In March 2016 the 1992 Plan first informed Arch Coal it was obligated as a related person to provide security pursuant to § 9712(d)(1)(B). Arch Coal refused, arguing Patriot’s letter of credit not only satisfied its obligation under that provision but in fact over-secured the obligations of Arch Coal’s former subsidiaries.

The Trustees of the 1992 Plan sued under the Coal Act and the Employee Retirement Income Security Act (ERISA) to compel Arch Coal to provide security. Arch Coal counterclaimed to recover the $447,672 in excess security provided by the letter of credit.

The district court held that, as a related person, Arch Coal was required to provide the security demanded by the Trustees. The court reasoned that the cash proceeds the Plan received from Patriot’s letter of credit did not satisfy Arch Coal’s obligation to provide security because they were not in a form acceptable under the Coal Act, to wit, a bond, a letter of credit, or a cash escrow. Further, the court rejected Arch Coal’s alternative contention that the 1992 Plan was obligated to use the proceeds of the letter of credit to provide security on behalf of Arch Coal’s former subsidiaries or to provide benefits solely for retirees of those former subsidiaries. The district court therefore granted the Trusteesmotion for summary judgment and ordered Arch Coal to provide security pursuant to § 9712(d)(1)(B). Notwithstanding the apparent anomaly of the 1992 Plan receiving security from Arch Coal after drawing down the $8,608,392 from Patriot’s letter of credit to cover the very same retirees, we are constrained by the Coal Act to affirm the judgment of the district court.

II. Analysis

On appeal, Arch Coal argues first that the Coal Act does not require a related person to provide security to the 1992 Plan. Second, and more narrowly, Arch Coal contends the requirement to provide security was satisfied by the letter of credit provided by Patriot on behalf of Arch Coal’s former subsidiaries, with which Arch Coal is jointly liable. More narrowly still, Arch Coal argues the 1992 Plan is required to use the proceeds of Patriot’s letter of credit to fund benefits for retirees of Arch Coal’s former subsidiaries, thereby relieving Arch Coal of at least some of its obligations under the Coal Act, including the obligation to provide security. Notably, however, Arch Coal does not pursue its counterclaim nor otherwise take issue with the Trustees’ decision to draw down the letter of credit.

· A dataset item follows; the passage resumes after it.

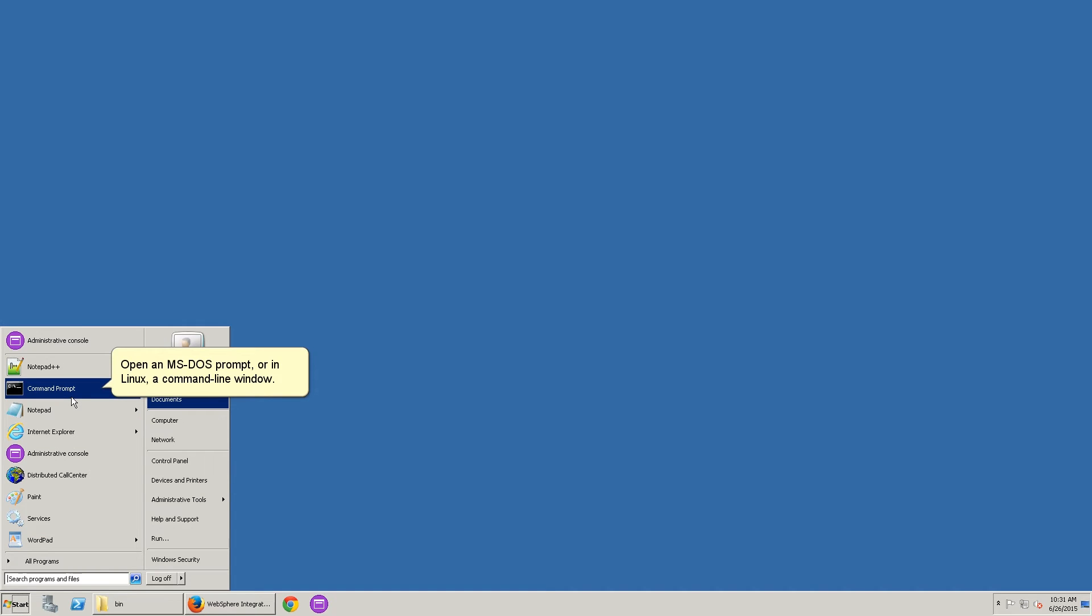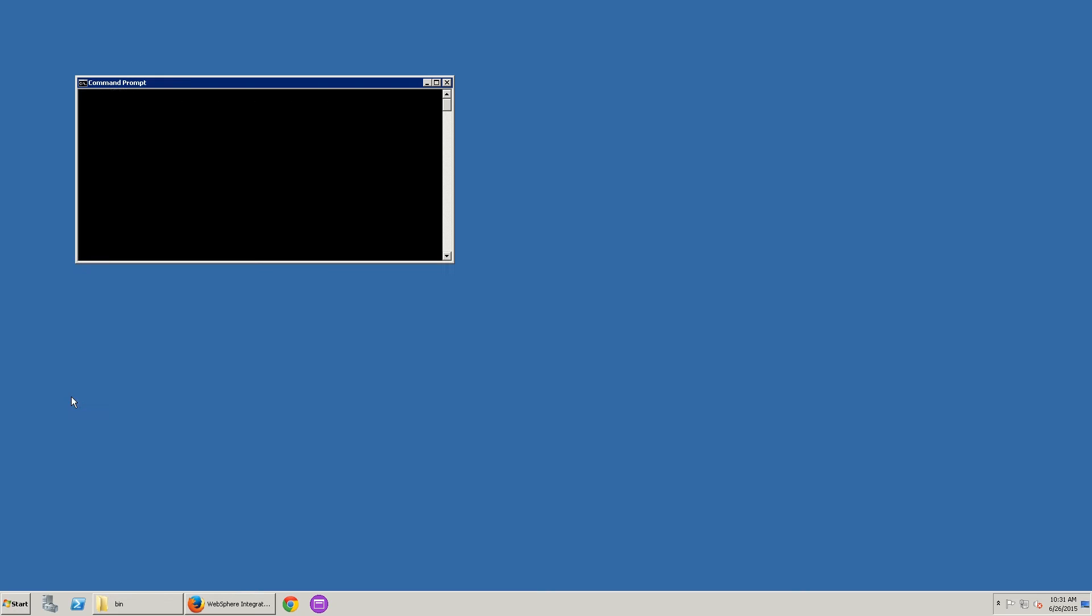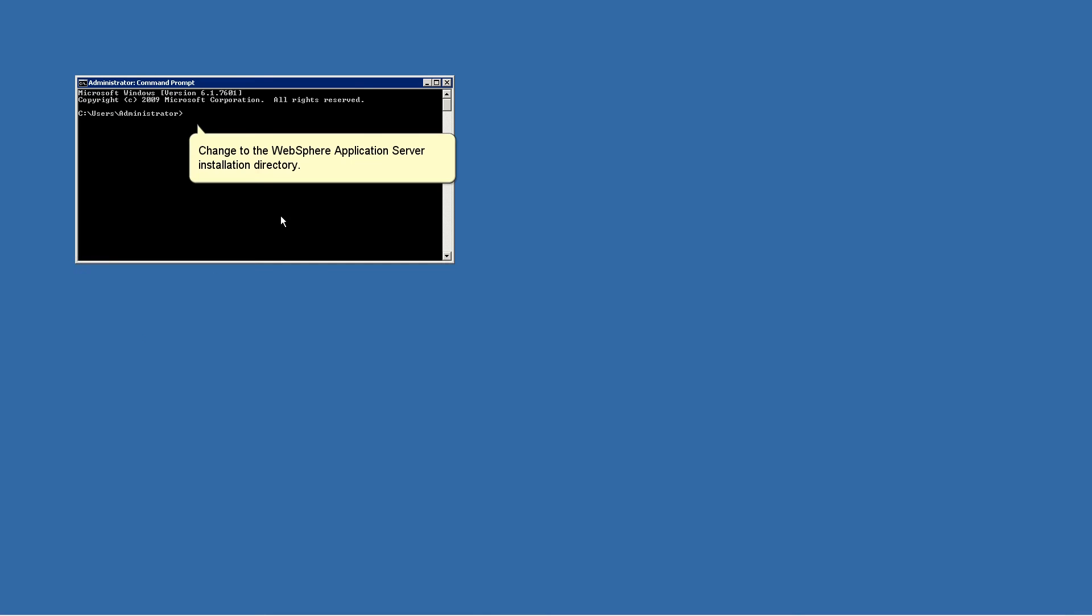Open a MS-DOS prompt, or in Linux, a command line window. Change to the WebSphere application server installation directory.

A. Obligation of related persons to provide security

As in any case involving a question of statutory interpretation, "we begin with the language of the statute." Sigmon Coal , 534 U.S. at 450, 122 S.Ct. 941. Because Arch Coal agrees it is a person related to an LSO, the question before the court is whether the provision of security in § 9712(d)(1)(B) is included in a related person’s joint and several liability for "any amount required to be paid" in § 9712(d)(4). As the term " ‘any amount required to be paid’ is not defined in the Coal Act [it] thus takes on its ordinary meaning." Holland v. Arch Coal, Inc. , 346 F. Supp. 3d 99, 105–06 (D.D...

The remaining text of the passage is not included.